======== Data supplied

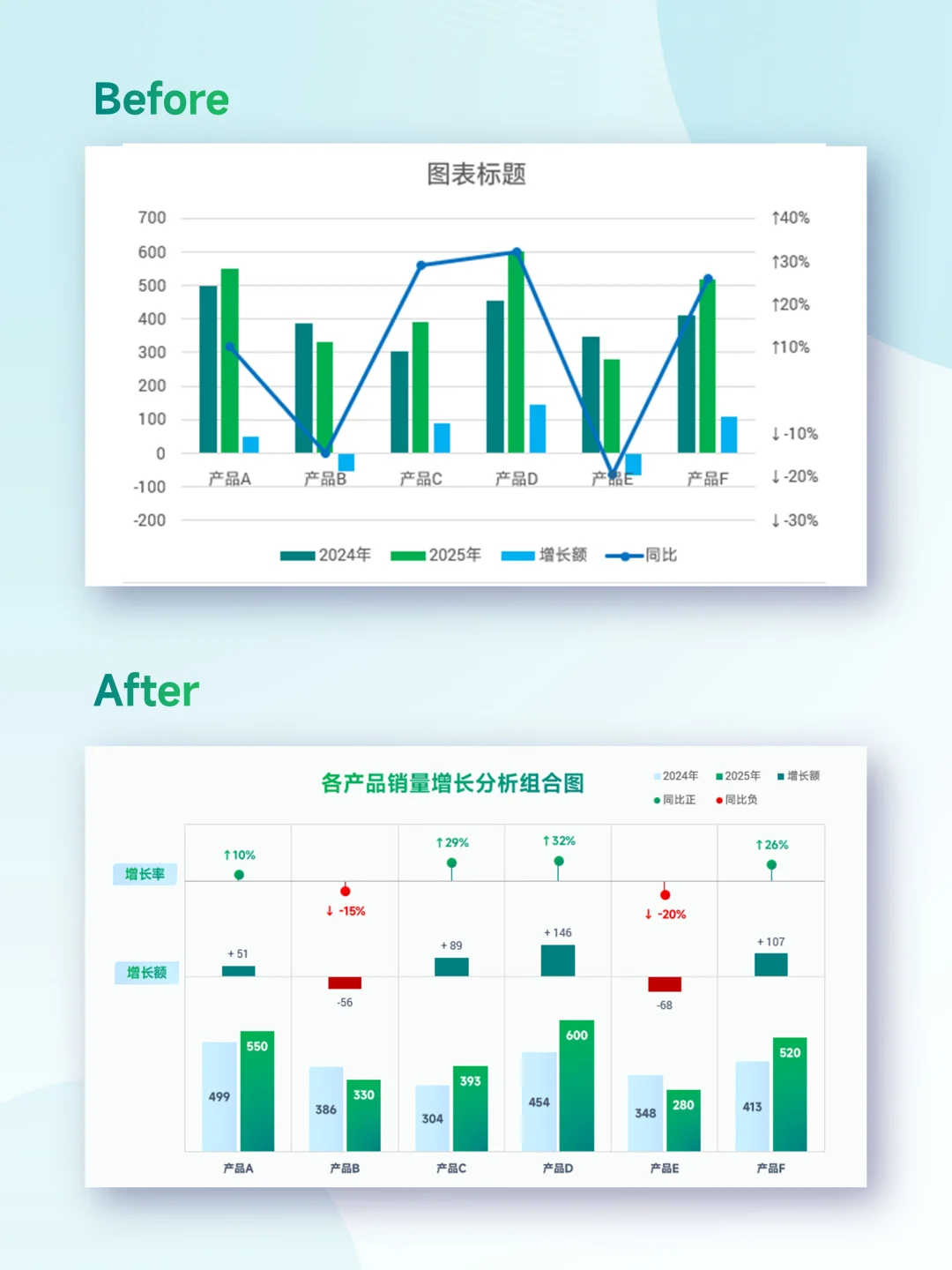 增长值&增长率同比分析，一图完美呈现！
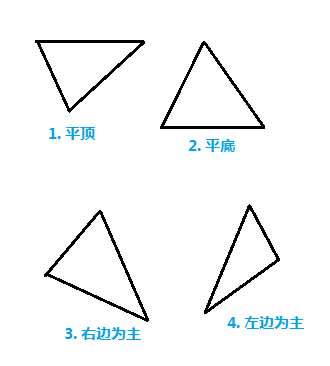 4种三角形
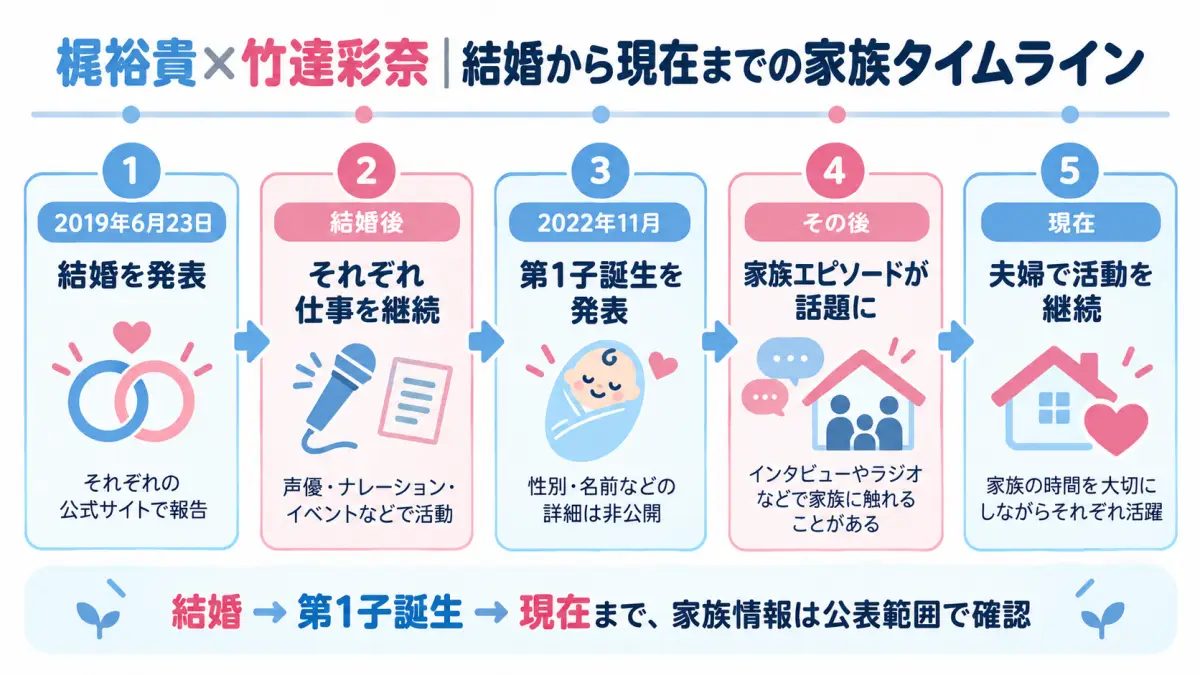 梶裕貴と竹達彩奈の結婚から第1子誕生、現在の家族エピソードまでを時系列で整理した図解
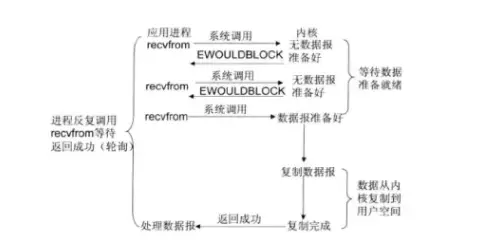 Java IO系统，你真的懂了吗？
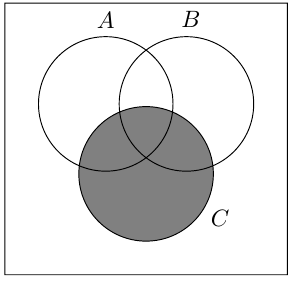 Black C in Circle Logo - Venn Diagram in LaTeX for $C\setminus (A \cap B \cap C)$ - TeX ...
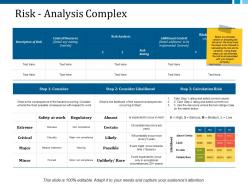 Risk analysis complex ppt layouts show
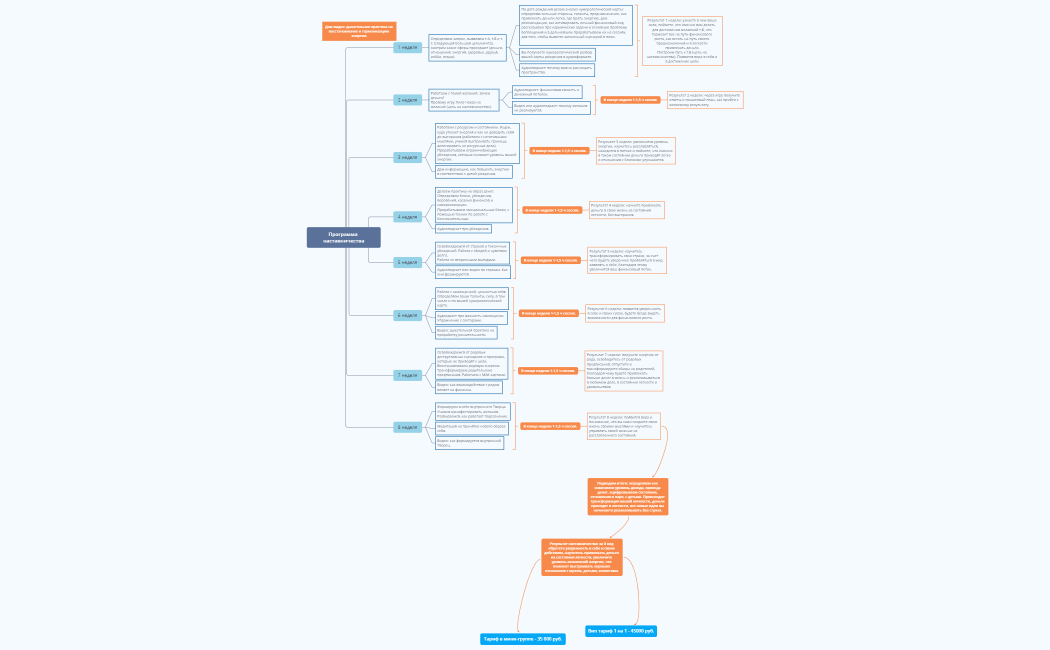 Программа наставничества_Анна В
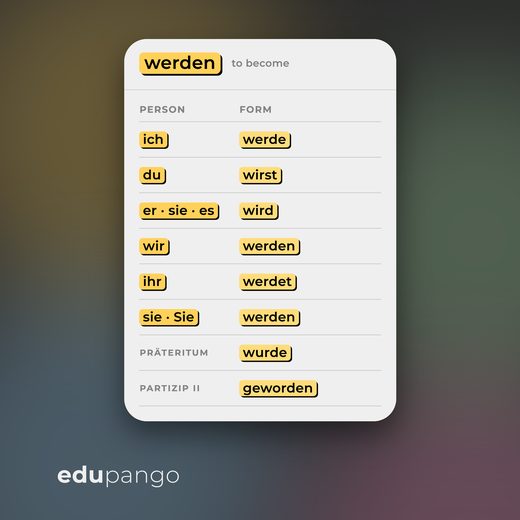 German word card: werden, to become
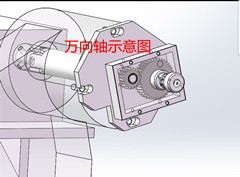 Universal axis diagram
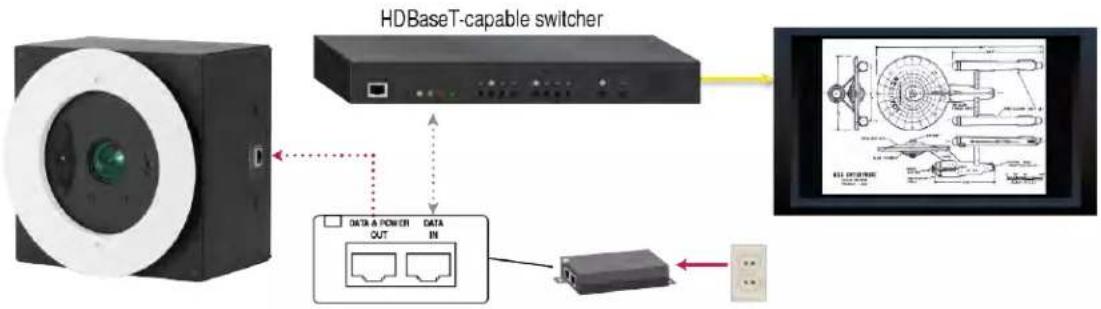 LEGRAND DocCAM 20 HDBT - Options for Power and Other Connections - 1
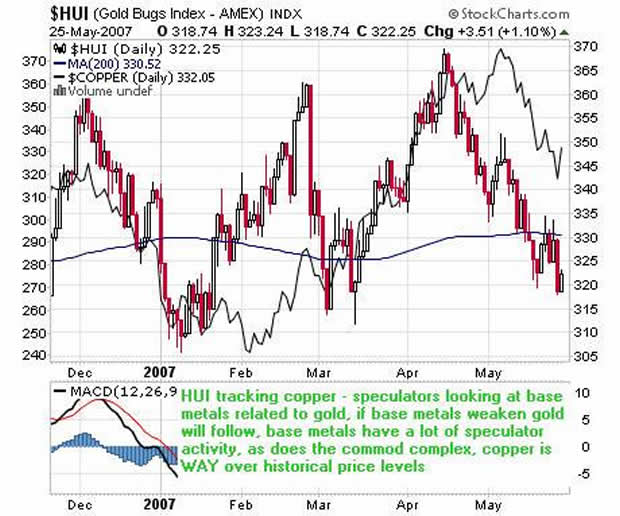 Why is Gold Trending Lower?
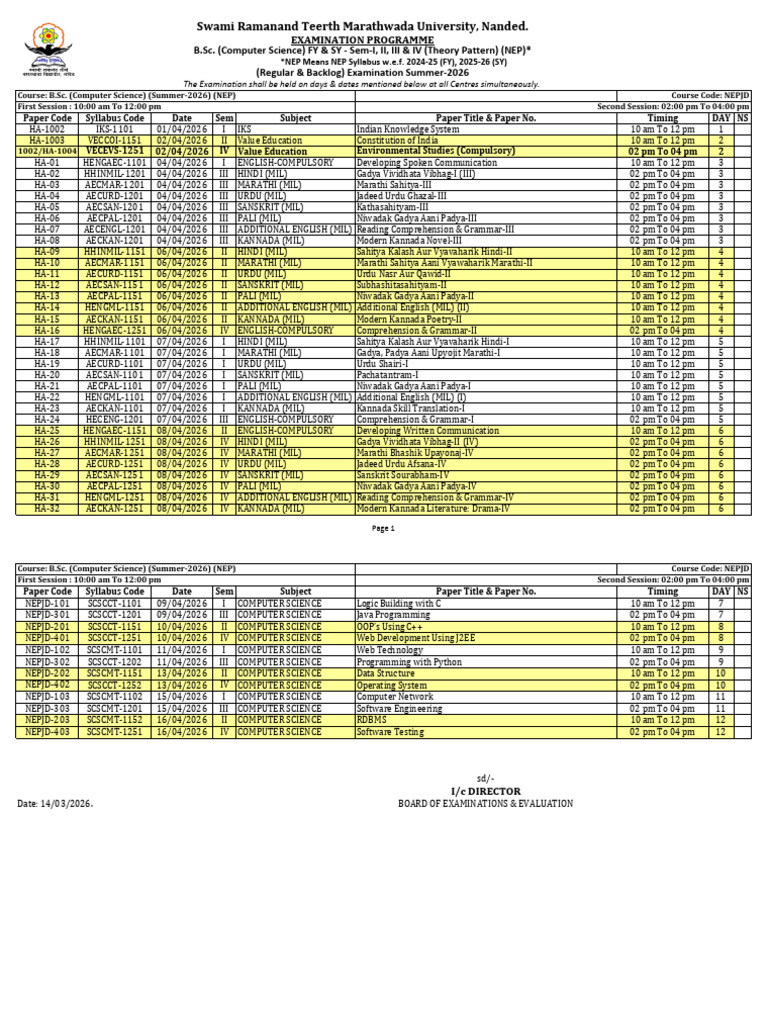 B.SC .NEP CS Computer Science Summer 2026 Exam Time Table | PDF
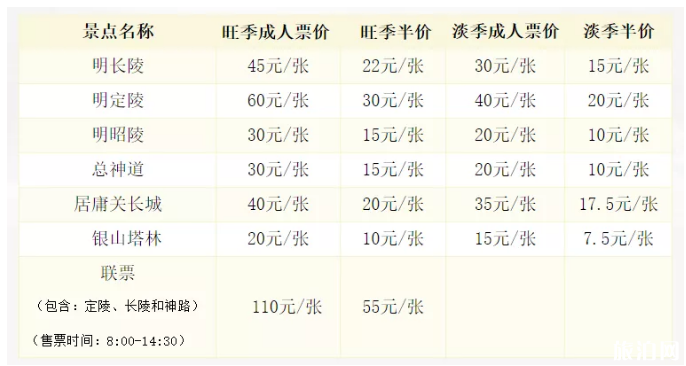 7月21日北京恢復(fù)開放景點(diǎn)名單及開放范圍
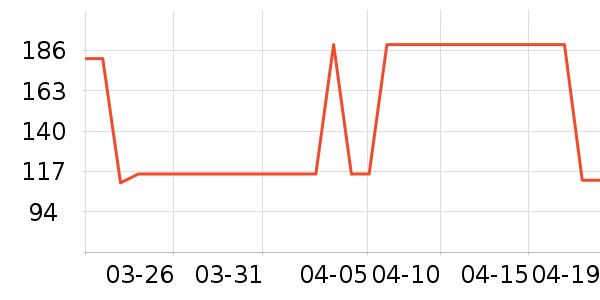 ����������Ʒ��ʷ�۸�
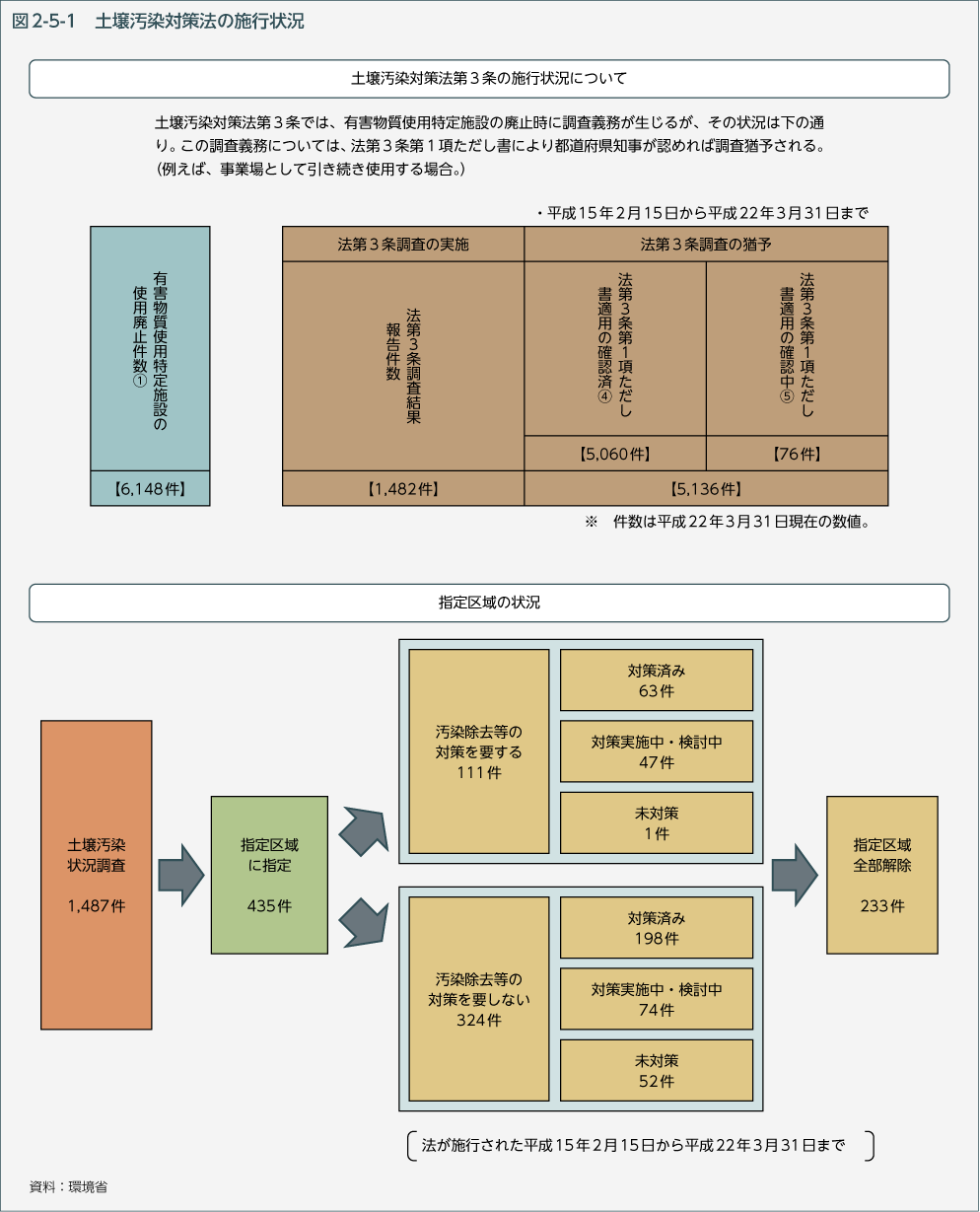 図2-5-1　土壌汚染対策法の施行状況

================

● **Exercise objective**:
The line containing "Программа наставничества_Анна В" and all lines after it, through the last line of the records, should be returned exactly. Omit the pictures.

● **Written answer**:
 Программа наставничества_Анна В
 German word card: werden, to become
 Universal axis diagram
 LEGRAND DocCAM 20 HDBT - Options for Power and Other Connections - 1
 Why is Gold Trending Lower?
 B.SC .NEP CS Computer Science Summer 2026 Exam Time Table | PDF
 7月21日北京恢復(fù)開放景點(diǎn)名單及開放范圍
 ����������Ʒ��ʷ�۸�
 図2-5-1　土壌汚染対策法の施行状況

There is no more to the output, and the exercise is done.